Visual Microphone Allows MIT Researchers To Extract Sound From Objects

By Joelle Renstrom | Published

MIT-Visual-Microphone MIT researchers have devised an algorithm that analyzes an object’s vibrations captured on video and recover the sounds that caused those tremors. Lets back up a minute. Sounds create vibrations. Those vibrations are usually so minute that we can’t see them, and in fact probably don’t realize they exist. But a high-speed camera can see them. The folks at MIT played music, which made an object vibrate. They then used an algorithm to essentially work backward from those vibrations and retrieve usable recordings of the sounds that caused them. In other words, by recording something like a plant or a bag of potato chips, they could harvest usable sound. This converts objects into what they call “visual microphones.”

In the demonstration in video below, the scientists play “Mary Had a Little Lamb” over a speaker near a houseplant. When you look at the plant, you can’t see any vibrations caused by the music, but their cameras do. During the experiments they used a high-speed camera that can record at 2,000-6,000 frames per second to 60-frame-per-second digital cameras. The important thing is that the frames-per-second is higher than the audio signal’s frequency. The effects when using a camera with a rolling shutter were even more dramatic. The better the camera, the better the audio reconstruction, but even the more rudimentary cameras captured enough information for listeners to discern the gender and number of speakers talking near the object.
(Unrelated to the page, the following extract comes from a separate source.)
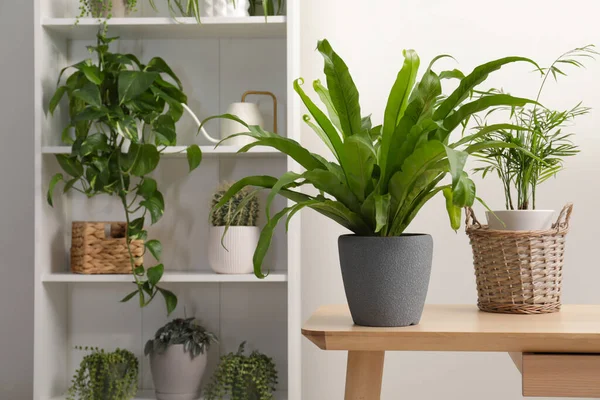 Plantas Interior Verdes Macetas Cerca Pared Blanca Espacio Para Texto — Foto de Stock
They do something similar with a bag of chips on the ground, recovering from the bag actual human speech (the camera was outside, behind sound-proof glass). They recover music from headphones, and with the help of software can identify the song (“Under Pressure,” in case you were wondering). The team will present their work at the Siggraph conference, which focuses on computer graphics and interactive techniques.

It may not seem like there are many practical applications for such a discovery, but think of the spying potential. Forget about conventional bugs or even being a fly on the wall; a plastic bag or a bunch of flowers could hold audio information that people speakering thought was private. Thus, law enforcement and forensics might be particularly interested in this technology, although the researchers are excited about the project as a “new kind of imaging” that allows for in-depth analysis not just of the sounds recovered, but of the objects as well, and their responses to sound and other properties.